## EXERCISE INSTRUCTIONS
Restate every line below word for word, but drop each picture.

## DATA BELOW
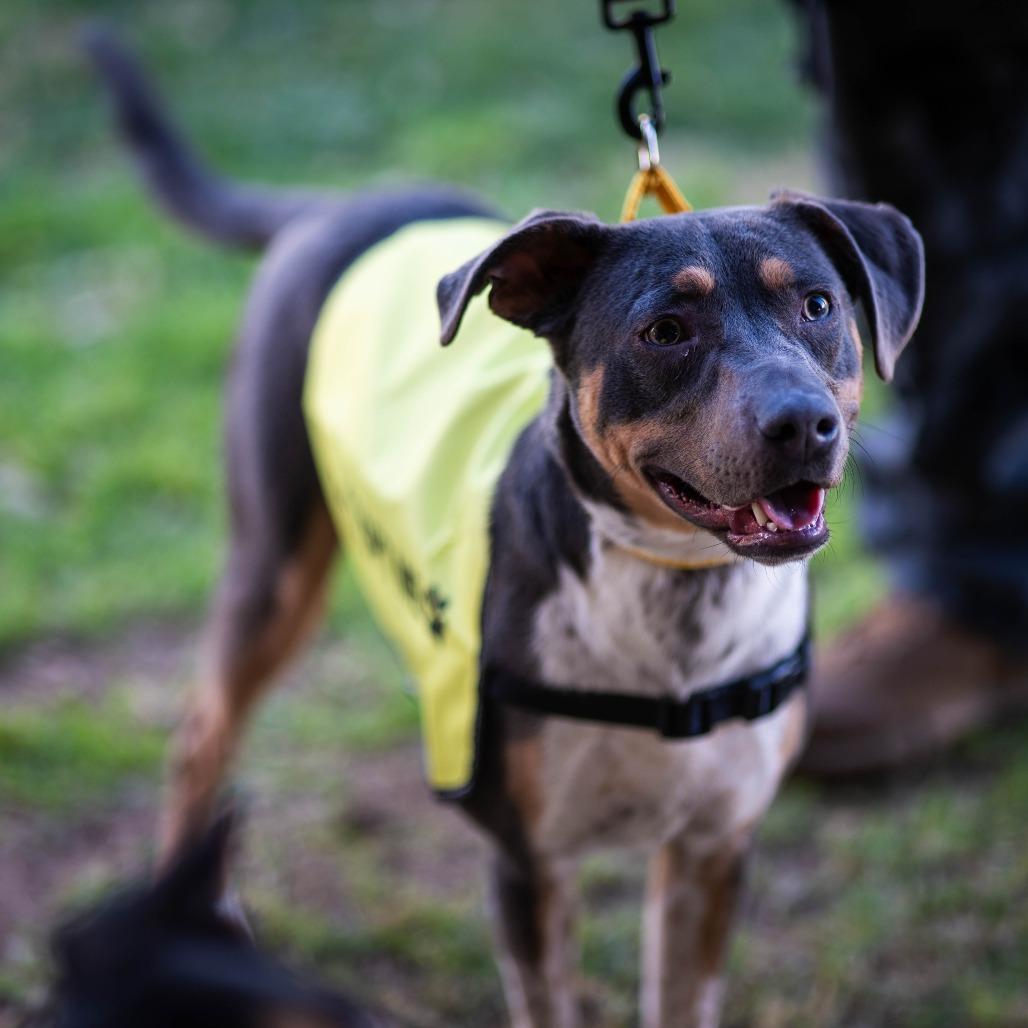 Enlarge Hubert, a Adoptable mixed breed in Bullhead City, AZ image 2/3
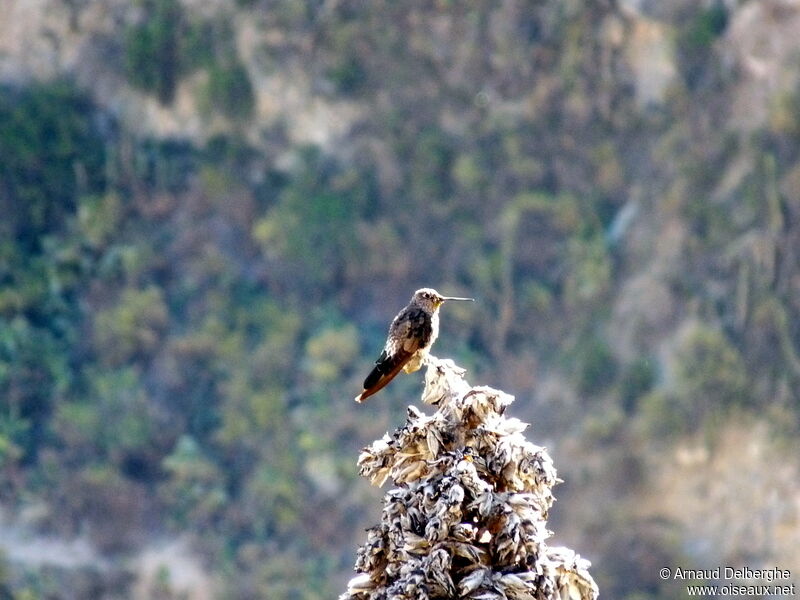 Giant Hummingbird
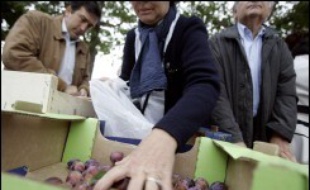 Plusieurs centaines de personnes se sont pressées jeudi matin place de la Bastille pour acheter les 15 tonnes de fruits et légumes vendues directement par des producteurs du Modef, sur initiative du PCF.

## THE COMPLETED TASK
 Enlarge Hubert, a Adoptable mixed breed in Bullhead City, AZ image 2/3
 Giant Hummingbird
 Plusieurs centaines de personnes se sont pressées jeudi matin place de la Bastille pour acheter les 15 tonnes de fruits et légumes vendues directement par des producteurs du Modef, sur initiative du PCF.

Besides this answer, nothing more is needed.